-- INSTRUCTIONS TO FOLLOW --
What follows is a set of records. Retype them exactly, leaving out the pictures.

-- DATA PROVIDED --
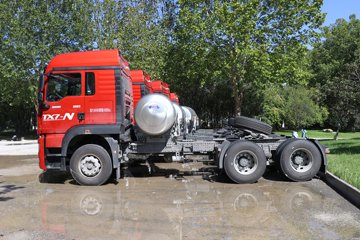 ����HOWO TX7-N ����� 12.5L LNG 480���� 6X4 �й�����12�� ǣ����ͼƬ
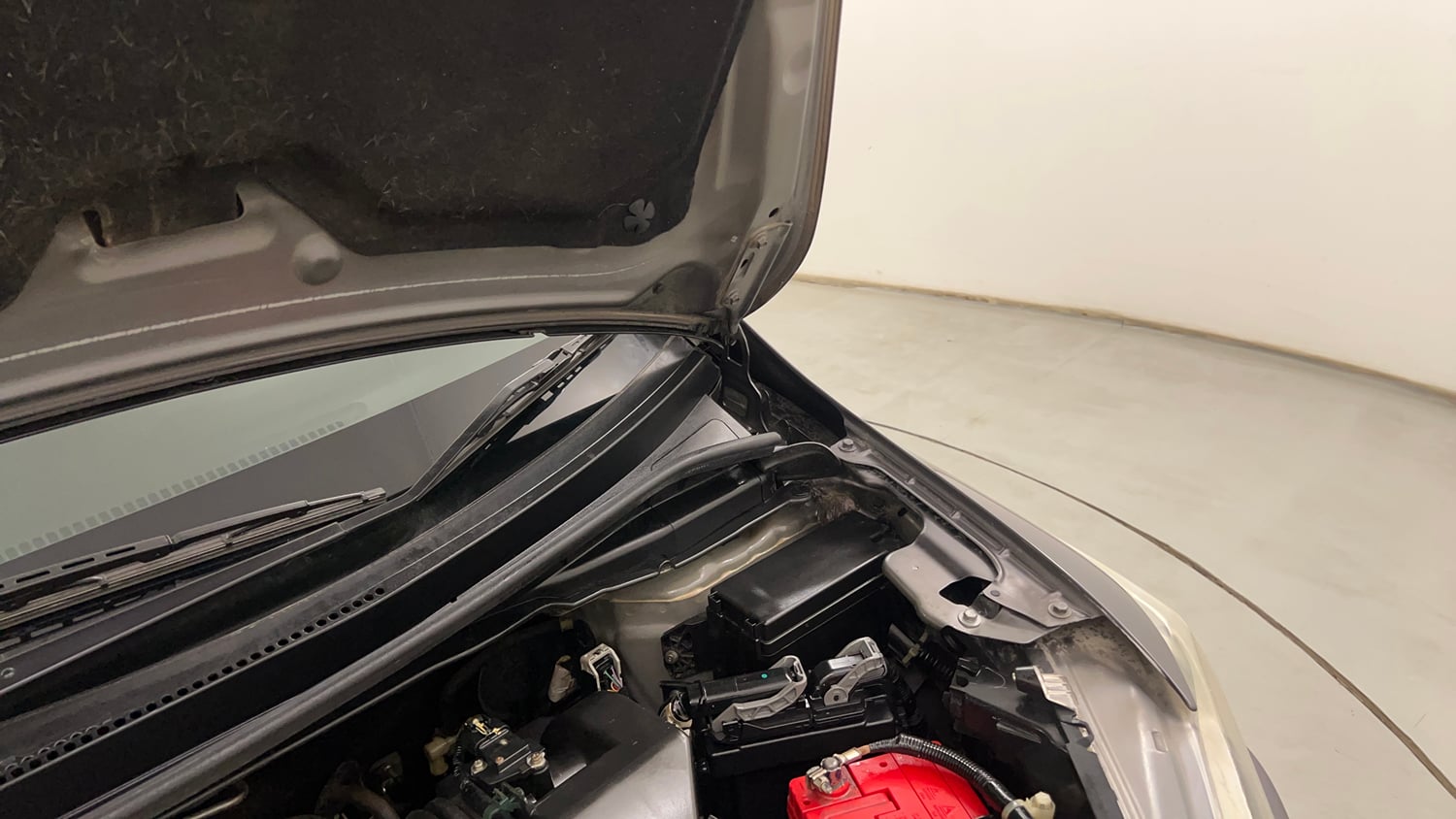 Used 2020 Honda Jazz VX CVT Petrol Automatic engine ENGINE LEFT SIDE HINGE & APRON VIEW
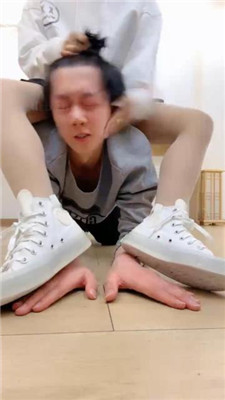 【海绵大大】骑马转胯/高帮帆布鞋踩踏/清理脏鞋/揪耳朵 艾彩调教库 第3张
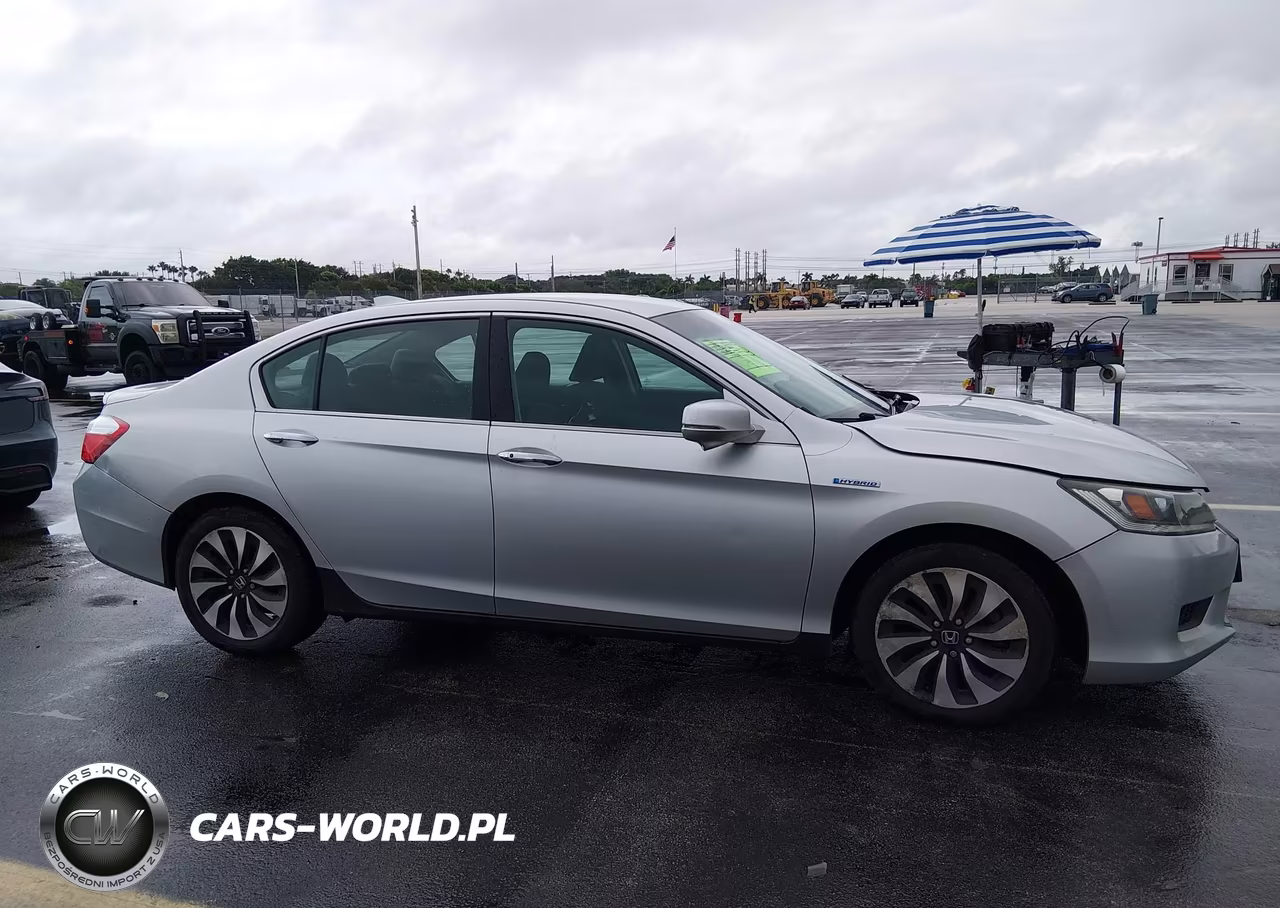 2015 Honda Accord Hybrid VIN:1HGCR6F31FA006837 - 14
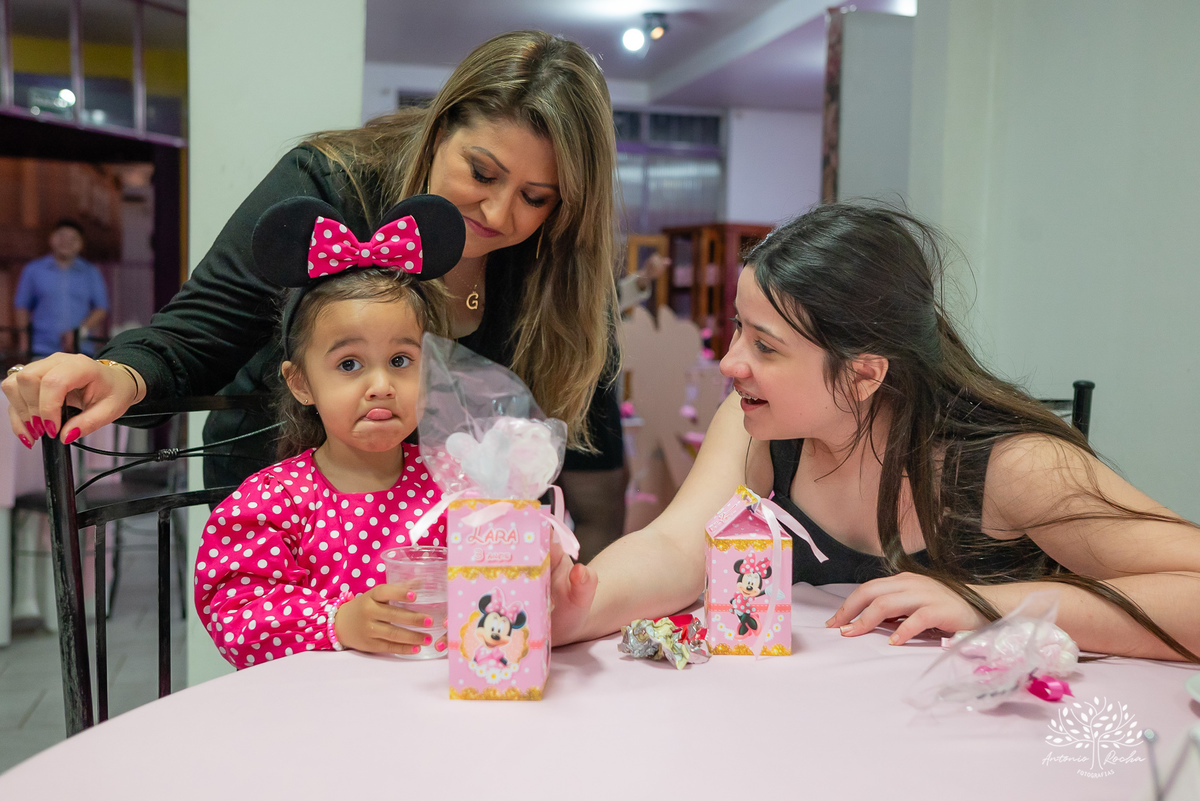 Lara – Ariane e Fábio = Lara – Big Fest – Minie – Lara 3 Anos – Infantil – Criança – Festa Infantil – Felicidade – Amor – Vida – Pelotas – Antonio Rocha Fotografias – Família Linda – Fotografia de Família – 3 Anos – Sorrisos – Carinho – Crescer – Simpatia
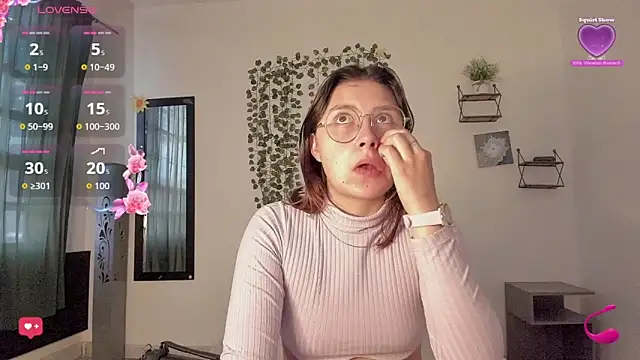 Snapshot of Noellesable chatting on 09-09-25, 05:23 Noellesable online show from 09-09-25, 05:23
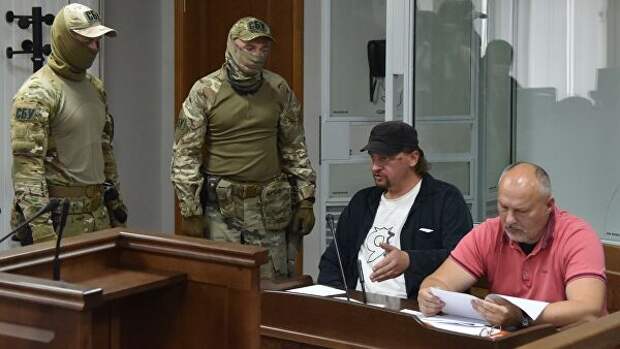 Обвиняемый в захвате заложников в Луцке Максим Кривош во время избрания меры пресечения в Луцком районном суде Обвиняемый в захвате заложников в Луцке Максим Кривош во время избрания меры пресечения в Луцком районном суде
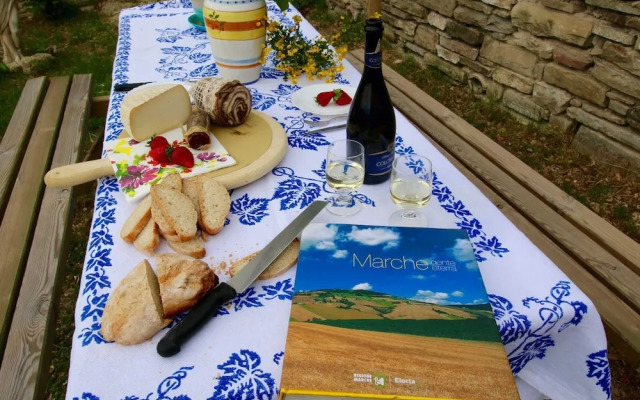 Farmhouse in the Marche With Swimming Pool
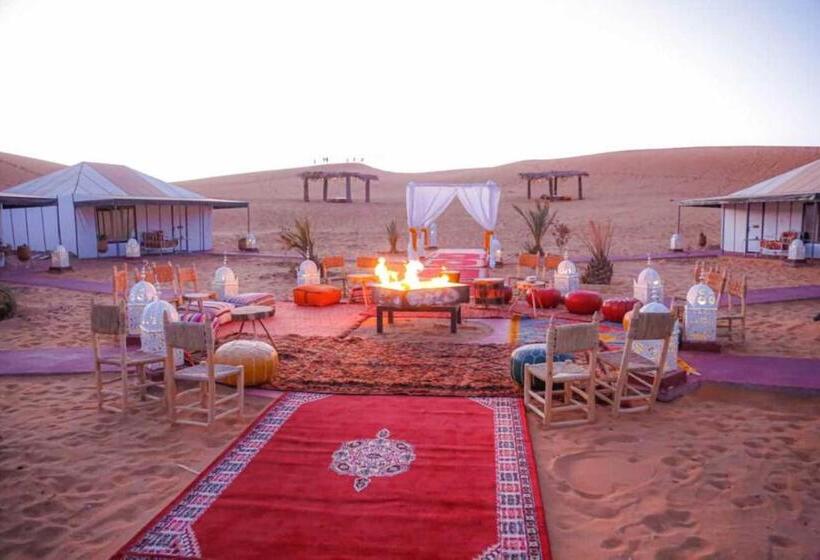 چادر با خدمات رفاهی استاندارد, Riadsuerteloca Merzouga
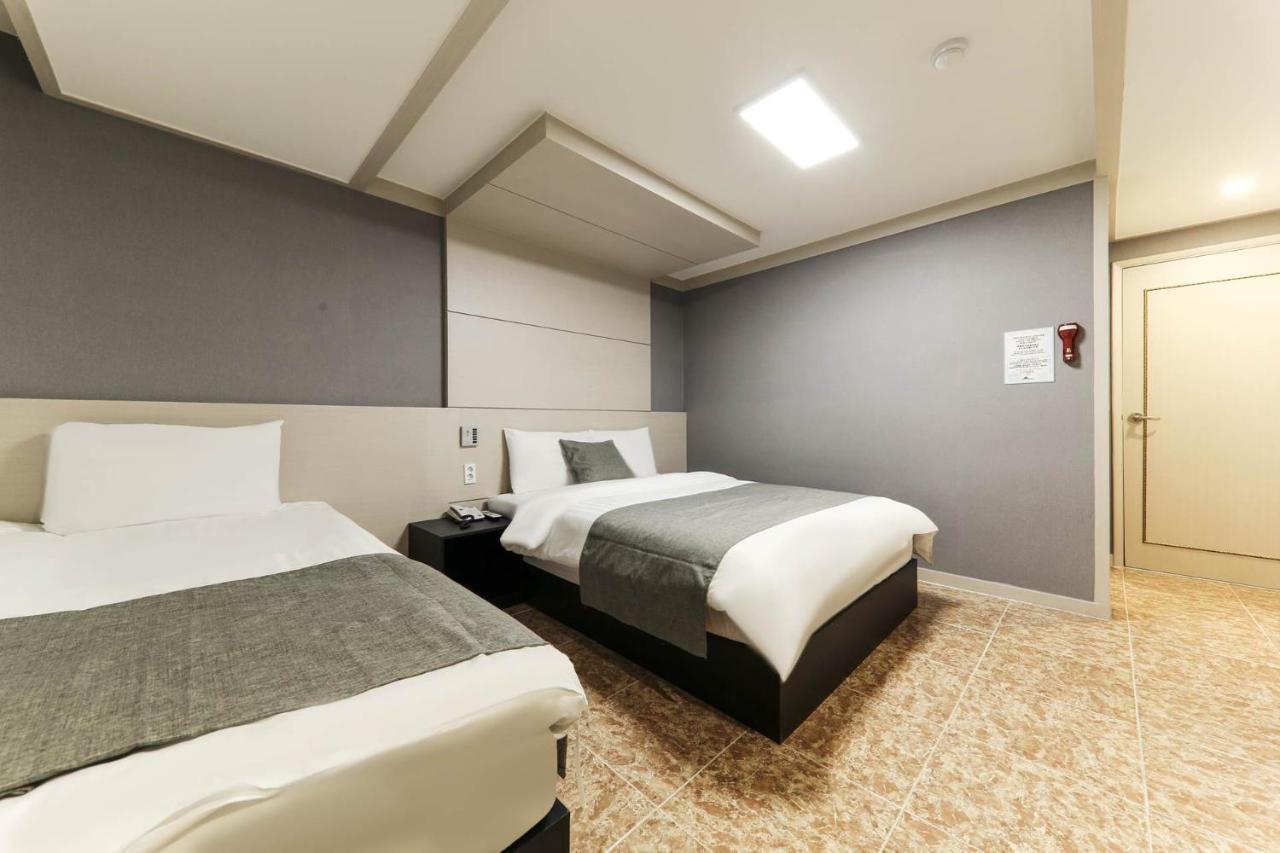 โฮเต็ล เมเจอร์ เชจู Hotel เมืองเชจู ภายนอก รูปภาพ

-- YOUR SOLUTION --
 ����HOWO TX7-N ����� 12.5L LNG 480���� 6X4 �й�����12�� ǣ����ͼƬ
 Used 2020 Honda Jazz VX CVT Petrol Automatic engine ENGINE LEFT SIDE HINGE & APRON VIEW
 【海绵大大】骑马转胯/高帮帆布鞋踩踏/清理脏鞋/揪耳朵 艾彩调教库 第3张
 2015 Honda Accord Hybrid VIN:1HGCR6F31FA006837 - 14
 Lara – Ariane e Fábio = Lara – Big Fest – Minie – Lara 3 Anos – Infantil – Criança – Festa Infantil – Felicidade – Amor – Vida – Pelotas – Antonio Rocha Fotografias – Família Linda – Fotografia de Família – 3 Anos – Sorrisos – Carinho – Crescer – Simpatia
 Snapshot of Noellesable chatting on 09-09-25, 05:23 Noellesable online show from 09-09-25, 05:23
 Обвиняемый в захвате заложников в Луцке Максим Кривош во время избрания меры пресечения в Луцком районном суде Обвиняемый в захвате заложников в Луцке Максим Кривош во время избрания меры пресечения в Луцком районном суде
 Farmhouse in the Marche With Swimming Pool
 چادر با خدمات رفاهی استاندارد, Riadsuerteloca Merzouga
 โฮเต็ล เมเจอร์ เชจู Hotel เมืองเชจู ภายนอก รูปภาพ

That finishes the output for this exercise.